Before Firefox was the new cool, people used to use Opera because it was fast and light, and in comparison to the other browsers it was pretty amazing. And then Opera got bloated and slow, and we moved to Firefox. Based on that history, I fully expect Chrome to get bloaty and useless, and I'll have to reconsider what to use. For some reason, Safari never quite gets a look in on my Windows computers (though it and Chrome run on my Macs).
User Rank: Ninja
4/30/2014 | 11:32:38 AM
Mozilla Turmoil as Firefox 29 Debuts
After witnessing the self-appointed "thought police" ouster their former CEO for having a traditional opinon of his own, I switched to Google Chrome, and won't be looking back. In fact, Chrome loads pages faster, and is nice, clean, and lean.
Drew Conry-Murray
Drew Conry-Murray,
User Rank: Ninja
4/30/2014 | 10:58:37 AM
Hoping 29 Is Stable
I've been frustrated with Firefox lately because it would crash once or twice a day, forcing me to log in to all the Web apps I use for work.
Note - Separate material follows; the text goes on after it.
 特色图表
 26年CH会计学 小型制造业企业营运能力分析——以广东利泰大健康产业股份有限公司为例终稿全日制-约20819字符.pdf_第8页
I downloaded 29 last night in hopes of a better experience. I was worried that all the customization options would make it harder to get up and going--I'm not big on customizing.

So far I've been pleased: no dramatic changes that have put features in a new place, and no crashes (but it's still early).

I really want Mozilla to succeed because I don't want Google to own the world. We need alternatives.